Git Product home page Git Product logo

transfuser's Introduction

Multi-Modal Fusion Transformer for End-to-End Autonomous Driving

Project Page | Paper | Supplementary | Video | Poster | Blog

This repository contains the code for the CVPR 2021 paper Multi-Modal Fusion Transformer for End-to-End Autonomous Driving. If you find our code or paper useful, please cite

@inproceedings{Prakash2021CVPR,
  author = {Prakash, Aditya and Chitta, Kashyap and Geiger, Andreas},
  title = {Multi-Modal Fusion Transformer for End-to-End Autonomous Driving},
  booktitle = {Conference on Computer Vision and Pattern Recognition (CVPR)},
  year = {2021}
}

Contents

  1. Setup
  2. Dataset
  3. Data Generation
  4. Training
  5. Evaluation
  6. CARLA Leaderboard Submission
  7. Acknowledgements

Setup

Install anaconda

wget https://repo.anaconda.com/archive/Anaconda3-2020.11-Linux-x86_64.sh
bash Anaconda3-2020.11-Linux-x86_64.sh
source ~/.profile

Clone the repo and build the environment

git clone https://github.com/autonomousvision/transfuser
cd transfuser
conda create -n transfuser python=3.7
pip3 install -r requirements.txt
conda activate transfuser

Download and setup CARLA 0.9.10.1

chmod +x setup_carla.sh
./setup_carla.sh

Dataset

The data is generated with leaderboard/team_code/auto_pilot.py in 8 CARLA towns using the routes and scenarios files provided at leaderboard/data on CARLA 0.9.10.1

chmod +x download_data.sh
./download_data.sh

We used two datasets for different experimental settings:

  • clear_weather_data: contains only ClearNoon weather. This dataset is used for the experiments described in the paper and generalization to new town results shown in the video.
  • 14_weathers_data: contains 14 preset weather conditions mentioned in leaderboard/team_code/auto_pilot.py. This dataset is used for training models for the leaderboard and the generalization to new weather results shown in the video.

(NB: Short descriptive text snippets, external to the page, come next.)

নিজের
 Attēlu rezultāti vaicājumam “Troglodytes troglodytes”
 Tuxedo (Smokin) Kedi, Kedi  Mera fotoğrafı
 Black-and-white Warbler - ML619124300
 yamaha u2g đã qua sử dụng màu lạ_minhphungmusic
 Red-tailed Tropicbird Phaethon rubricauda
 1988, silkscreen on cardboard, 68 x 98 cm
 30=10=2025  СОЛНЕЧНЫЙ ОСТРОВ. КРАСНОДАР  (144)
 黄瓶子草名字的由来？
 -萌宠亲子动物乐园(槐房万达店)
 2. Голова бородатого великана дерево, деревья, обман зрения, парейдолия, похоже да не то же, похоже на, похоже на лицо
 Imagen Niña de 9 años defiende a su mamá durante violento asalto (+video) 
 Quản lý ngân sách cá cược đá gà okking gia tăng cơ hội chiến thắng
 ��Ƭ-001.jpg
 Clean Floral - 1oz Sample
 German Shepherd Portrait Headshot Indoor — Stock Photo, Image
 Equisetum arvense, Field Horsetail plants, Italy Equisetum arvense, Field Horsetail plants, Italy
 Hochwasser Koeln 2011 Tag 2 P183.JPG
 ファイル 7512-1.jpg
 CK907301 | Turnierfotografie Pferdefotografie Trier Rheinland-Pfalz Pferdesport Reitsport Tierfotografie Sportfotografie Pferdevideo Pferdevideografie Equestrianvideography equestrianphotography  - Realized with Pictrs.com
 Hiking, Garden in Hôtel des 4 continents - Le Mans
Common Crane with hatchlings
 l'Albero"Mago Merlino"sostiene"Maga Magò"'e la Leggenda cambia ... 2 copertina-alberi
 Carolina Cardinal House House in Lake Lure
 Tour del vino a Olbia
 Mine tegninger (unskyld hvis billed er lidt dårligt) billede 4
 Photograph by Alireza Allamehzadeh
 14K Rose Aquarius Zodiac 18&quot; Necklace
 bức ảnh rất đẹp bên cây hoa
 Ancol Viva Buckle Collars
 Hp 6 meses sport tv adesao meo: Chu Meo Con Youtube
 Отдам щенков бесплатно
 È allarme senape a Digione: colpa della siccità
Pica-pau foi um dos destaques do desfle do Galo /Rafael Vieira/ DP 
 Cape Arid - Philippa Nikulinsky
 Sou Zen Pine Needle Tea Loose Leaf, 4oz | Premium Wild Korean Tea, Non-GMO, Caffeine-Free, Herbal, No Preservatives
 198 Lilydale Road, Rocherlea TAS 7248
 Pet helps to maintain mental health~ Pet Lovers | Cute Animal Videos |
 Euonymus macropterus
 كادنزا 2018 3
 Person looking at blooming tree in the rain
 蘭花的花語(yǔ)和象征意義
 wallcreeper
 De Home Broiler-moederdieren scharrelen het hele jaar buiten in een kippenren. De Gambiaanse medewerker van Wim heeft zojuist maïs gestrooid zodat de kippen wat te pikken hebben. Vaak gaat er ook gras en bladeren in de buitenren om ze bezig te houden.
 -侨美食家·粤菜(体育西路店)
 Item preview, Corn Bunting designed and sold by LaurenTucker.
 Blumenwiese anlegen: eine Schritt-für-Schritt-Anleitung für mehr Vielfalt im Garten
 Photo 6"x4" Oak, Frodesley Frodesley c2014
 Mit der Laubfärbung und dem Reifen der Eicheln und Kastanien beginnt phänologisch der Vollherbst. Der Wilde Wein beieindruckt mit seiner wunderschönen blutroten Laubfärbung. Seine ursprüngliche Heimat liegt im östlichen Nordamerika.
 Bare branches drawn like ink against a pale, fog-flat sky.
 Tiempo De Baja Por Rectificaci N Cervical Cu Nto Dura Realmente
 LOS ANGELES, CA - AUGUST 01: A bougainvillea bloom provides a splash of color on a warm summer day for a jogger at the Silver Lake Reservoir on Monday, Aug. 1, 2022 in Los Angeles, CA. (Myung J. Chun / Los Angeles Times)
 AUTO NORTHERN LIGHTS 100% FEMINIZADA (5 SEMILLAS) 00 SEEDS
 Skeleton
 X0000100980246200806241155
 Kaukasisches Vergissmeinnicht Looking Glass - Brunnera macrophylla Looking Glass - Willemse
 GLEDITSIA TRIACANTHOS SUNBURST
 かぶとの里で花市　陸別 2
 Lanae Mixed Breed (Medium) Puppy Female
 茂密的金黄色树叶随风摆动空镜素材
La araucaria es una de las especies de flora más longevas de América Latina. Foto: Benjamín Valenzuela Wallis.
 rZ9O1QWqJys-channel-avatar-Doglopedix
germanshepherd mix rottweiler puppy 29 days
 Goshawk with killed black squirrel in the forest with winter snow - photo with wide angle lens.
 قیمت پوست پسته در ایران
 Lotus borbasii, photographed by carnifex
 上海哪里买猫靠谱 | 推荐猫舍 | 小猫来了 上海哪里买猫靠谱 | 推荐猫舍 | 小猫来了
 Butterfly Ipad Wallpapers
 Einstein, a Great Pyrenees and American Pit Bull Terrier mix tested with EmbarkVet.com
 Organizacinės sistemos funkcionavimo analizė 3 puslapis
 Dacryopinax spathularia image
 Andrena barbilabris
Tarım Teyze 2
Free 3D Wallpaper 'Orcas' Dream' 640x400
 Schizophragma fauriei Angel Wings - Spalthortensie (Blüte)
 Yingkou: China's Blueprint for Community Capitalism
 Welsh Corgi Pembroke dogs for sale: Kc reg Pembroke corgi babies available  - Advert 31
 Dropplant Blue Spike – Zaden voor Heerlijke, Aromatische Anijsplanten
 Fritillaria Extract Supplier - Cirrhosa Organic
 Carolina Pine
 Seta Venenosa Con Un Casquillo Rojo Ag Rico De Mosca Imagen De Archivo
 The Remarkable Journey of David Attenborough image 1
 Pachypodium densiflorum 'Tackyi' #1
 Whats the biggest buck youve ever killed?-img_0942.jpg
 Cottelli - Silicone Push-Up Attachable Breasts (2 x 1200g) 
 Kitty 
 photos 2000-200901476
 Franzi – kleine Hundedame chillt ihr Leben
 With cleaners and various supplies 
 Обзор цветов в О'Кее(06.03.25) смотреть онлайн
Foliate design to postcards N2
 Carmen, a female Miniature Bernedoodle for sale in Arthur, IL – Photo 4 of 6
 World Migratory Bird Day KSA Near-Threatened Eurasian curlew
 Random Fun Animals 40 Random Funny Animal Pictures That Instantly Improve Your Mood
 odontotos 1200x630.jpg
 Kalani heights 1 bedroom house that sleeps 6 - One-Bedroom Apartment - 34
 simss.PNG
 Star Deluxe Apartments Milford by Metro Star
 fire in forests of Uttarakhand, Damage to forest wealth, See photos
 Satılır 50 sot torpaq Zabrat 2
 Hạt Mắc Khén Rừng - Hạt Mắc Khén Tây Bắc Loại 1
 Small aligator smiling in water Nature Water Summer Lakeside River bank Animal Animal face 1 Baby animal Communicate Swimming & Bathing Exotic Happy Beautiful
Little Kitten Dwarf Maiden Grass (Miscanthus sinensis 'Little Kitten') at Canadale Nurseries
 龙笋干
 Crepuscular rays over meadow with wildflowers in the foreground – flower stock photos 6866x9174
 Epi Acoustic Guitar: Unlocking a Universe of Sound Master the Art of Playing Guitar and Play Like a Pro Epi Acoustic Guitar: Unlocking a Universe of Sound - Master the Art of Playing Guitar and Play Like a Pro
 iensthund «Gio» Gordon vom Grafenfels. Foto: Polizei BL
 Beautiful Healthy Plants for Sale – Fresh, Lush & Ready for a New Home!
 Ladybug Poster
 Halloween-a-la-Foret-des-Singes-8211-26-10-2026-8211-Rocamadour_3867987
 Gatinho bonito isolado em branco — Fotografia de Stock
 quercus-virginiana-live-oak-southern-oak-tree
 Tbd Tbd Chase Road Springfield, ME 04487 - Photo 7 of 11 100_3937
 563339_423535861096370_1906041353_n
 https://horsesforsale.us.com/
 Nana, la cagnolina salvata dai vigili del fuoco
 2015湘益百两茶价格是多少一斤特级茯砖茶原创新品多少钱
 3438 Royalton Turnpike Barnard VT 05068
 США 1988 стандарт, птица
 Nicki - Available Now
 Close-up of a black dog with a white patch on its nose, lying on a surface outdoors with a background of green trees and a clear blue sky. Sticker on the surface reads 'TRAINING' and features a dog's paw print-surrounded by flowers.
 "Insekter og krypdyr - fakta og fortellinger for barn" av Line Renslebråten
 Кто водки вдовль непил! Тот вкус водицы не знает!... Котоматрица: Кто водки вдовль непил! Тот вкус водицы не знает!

The dataset is structured as follows:

- TownX_{tiny,short,long}: corresponding to different towns and routes files
    - routes_X: contains data for an individual route
        - rgb_{front, left, right, rear}: multi-view camera images at 400x300 resolution
        - seg_{front, left, right, rear}: corresponding segmentation images
        - depth_{front, left, right, rear}: corresponding depth images
        - lidar: 3d point cloud in .npy format
        - topdown: topdown segmentation images required for training LBC
        - 2d_bbs_{front, left, right, rear}: 2d bounding boxes for different agents in the corresponding camera view
        - 3d_bbs: 3d bounding boxes for different agents
        - affordances: different types of affordances
        - measurements: contains ego-agent's position, velocity and other metadata

We have provided two versions of the datasets used in our work:

  • Minimal dataset (63G): contains only rgb_front, lidar and measurements from the 14_weathers_data. This is sufficient to train all the models (except LBC which also requires topdown).
  • Large scale dataset (406G): contains multi-view camera data with different perception labels and affordances for both clear_weather_data and 14_weathers_data to facilitate further development of imitation learning agents.

Data Generation

In addition to the dataset, we have also provided all the scripts used for generating data and these can be modified as required for different CARLA versions.

Running CARLA Server

With Display

./CarlaUE4.sh --world-port=2000 -opengl

Without Display

Without Docker:

SDL_VIDEODRIVER=offscreen SDL_HINT_CUDA_DEVICE=0 ./CarlaUE4.sh --world-port=2000 -opengl

With Docker:

Instructions for setting up docker are available here. Pull the docker image of CARLA 0.9.10.1 docker pull carlasim/carla:0.9.10.1.

Docker 18:

docker run -it --rm -p 2000-2002:2000-2002 --runtime=nvidia -e NVIDIA_VISIBLE_DEVICES=0 carlasim/carla:0.9.10.1 ./CarlaUE4.sh --world-port=2000 -opengl

Docker 19:

docker run -it --rm --net=host --gpus '"device=0"' carlasim/carla:0.9.10.1 ./CarlaUE4.sh --world-port=2000 -opengl

If the docker container doesn't start properly then add another environment variable -e SDL_AUDIODRIVER=dsp.

Run the Autopilot

Once the CARLA server is running, rollout the autopilot to start data generation.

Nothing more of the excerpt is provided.